Material provided.

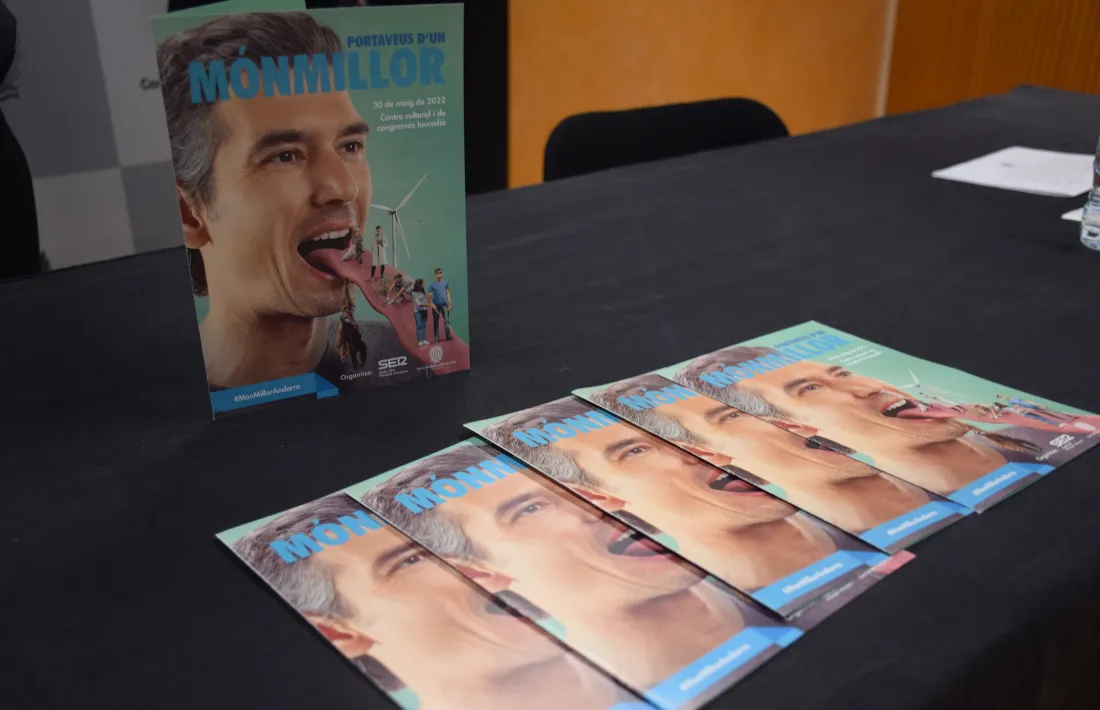 Cartells de la jornada 'Món Millor'.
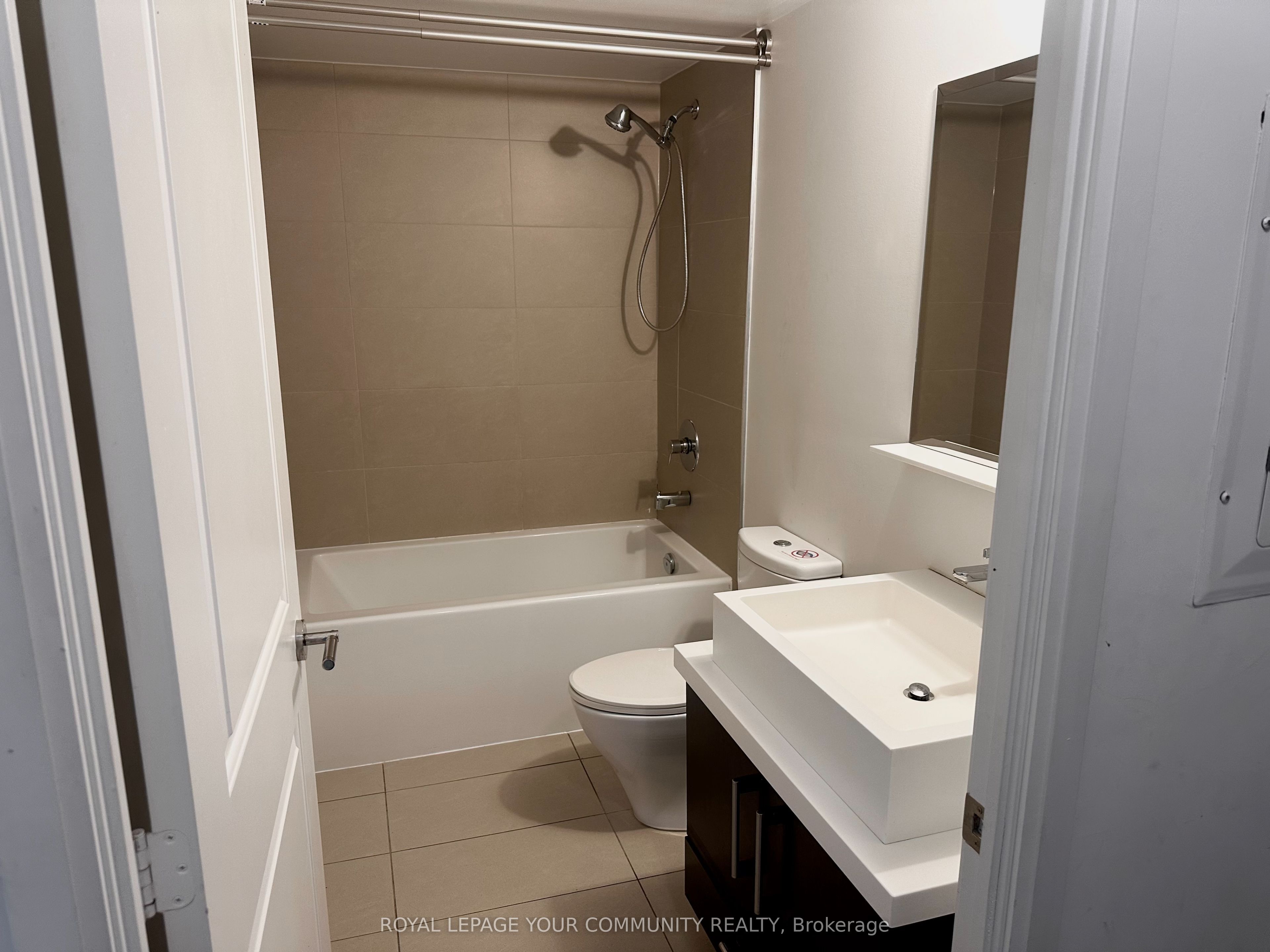 #1109 - 65 St. Mary Street Property Photo 6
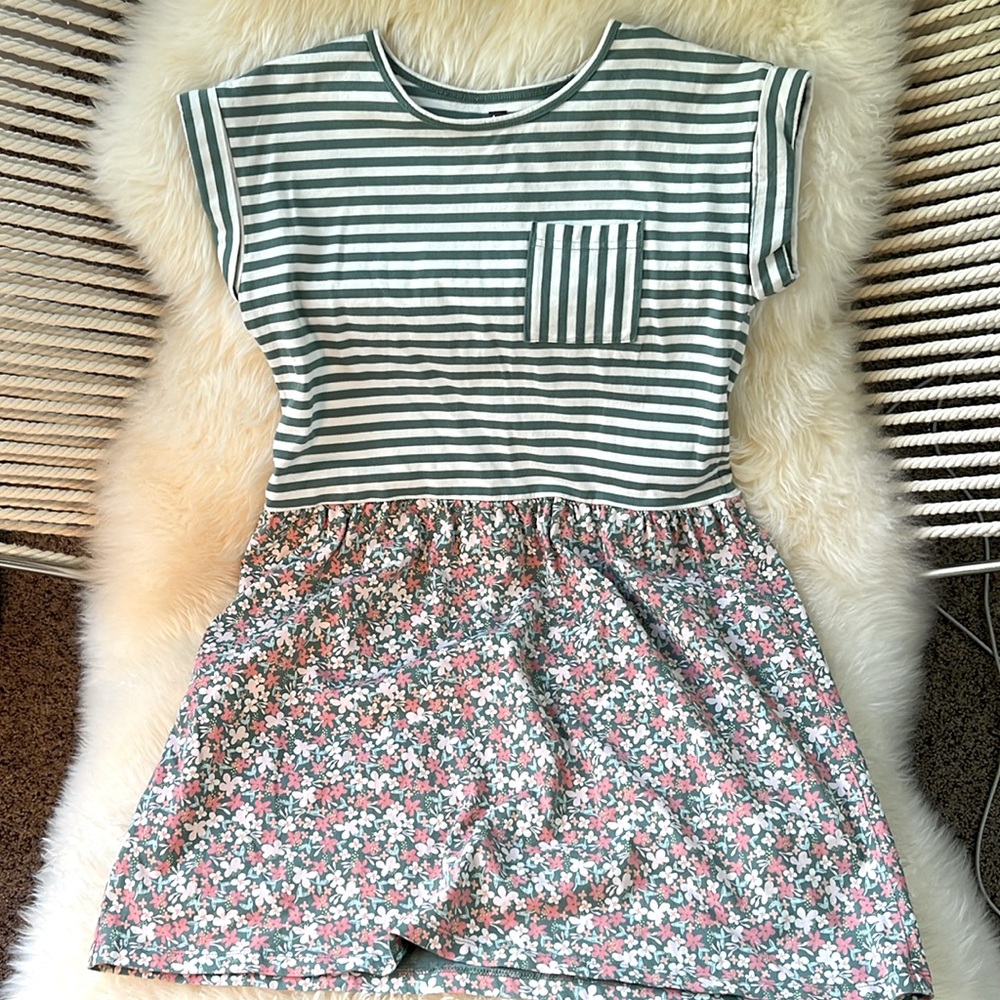 Tea Collection T-shirt Dress Size 12 good, used condition
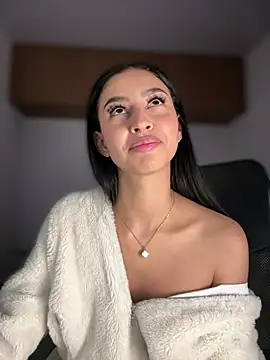 Snapshot of maddy_bronw_ chatting on March 9, 2025, 3:22 am maddy bronw online show from March 9, 2025, 3:22 am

Problem to work on. The pictures are not wanted, but every line of the listing should be duplicated exactly.

Task answer.
 Cartells de la jornada 'Món Millor'.
 #1109 - 65 St. Mary Street Property Photo 6
 Tea Collection T-shirt Dress Size 12 good, used condition
 Snapshot of maddy_bronw_ chatting on March 9, 2025, 3:22 am maddy bronw online show from March 9, 2025, 3:22 am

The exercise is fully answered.